J’appartiens en effet à cette espèce en voie d’anéantissement, et
je refuserai jusqu’à mon dernier souffle de considérer comme
normale l’émergence d’un monde où des communautés millénaires,
gardiennes des plus antiques civilisations humaines, seraient
contraintes de plier bagage et d’abandonner leur terroir ancestral
pour aller prendre refuge sous un toit lointain.
Il est naturel que les victimes s’en
émeuvent ; il est inquiétant qu’elles soient les seules à s’en
émouvoir. Le problème des minorités n’est pas seulement un problème
pour les minoritaires. Ce qui est en question n’est pas seulement,
si j’ose dire, le sort de quelques millions d’hommes. Ce qui est en
question, c’est la raison d’être et la finalité de notre
civilisation ; si, au terme d’une longue évolution matérielle
et morale, elle aboutit à une telle « purification »

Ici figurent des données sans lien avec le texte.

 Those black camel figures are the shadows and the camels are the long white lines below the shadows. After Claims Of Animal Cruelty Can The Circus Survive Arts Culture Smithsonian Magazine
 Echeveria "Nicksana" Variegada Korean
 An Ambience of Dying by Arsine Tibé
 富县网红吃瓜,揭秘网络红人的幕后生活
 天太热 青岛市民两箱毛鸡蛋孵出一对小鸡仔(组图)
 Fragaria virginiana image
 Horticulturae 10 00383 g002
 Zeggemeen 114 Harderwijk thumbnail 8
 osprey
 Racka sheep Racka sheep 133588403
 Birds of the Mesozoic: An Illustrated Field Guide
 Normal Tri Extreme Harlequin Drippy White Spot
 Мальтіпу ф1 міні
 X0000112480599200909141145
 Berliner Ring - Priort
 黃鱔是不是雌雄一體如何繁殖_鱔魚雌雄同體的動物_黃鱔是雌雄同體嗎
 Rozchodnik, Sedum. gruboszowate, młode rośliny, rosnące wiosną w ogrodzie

ethnique et religieuse, c’est qu’elle a manifestement fait fausse
route.
Pour toute société, et pour l’humanité dans son
ensemble, le sort des minorités n’est pas un dossier parmi
d’autres ; il est, avec le sort des femmes, l’un des
révélateurs les plus sûrs de l’avancement moral, ou de la
régression. Un monde où l’on respecte chaque jour un peu mieux la
diversité humaine, où toute personne peut s’exprimer dans la langue
de son choix, professer paisiblement ses croyances et assumer
sereinement ses origines sans encourir l’hostilité ni le
dénigrement, que ce soit de la part des autorités ou de la
population, c’est un monde qui avance, qui progresse, qui s’élève.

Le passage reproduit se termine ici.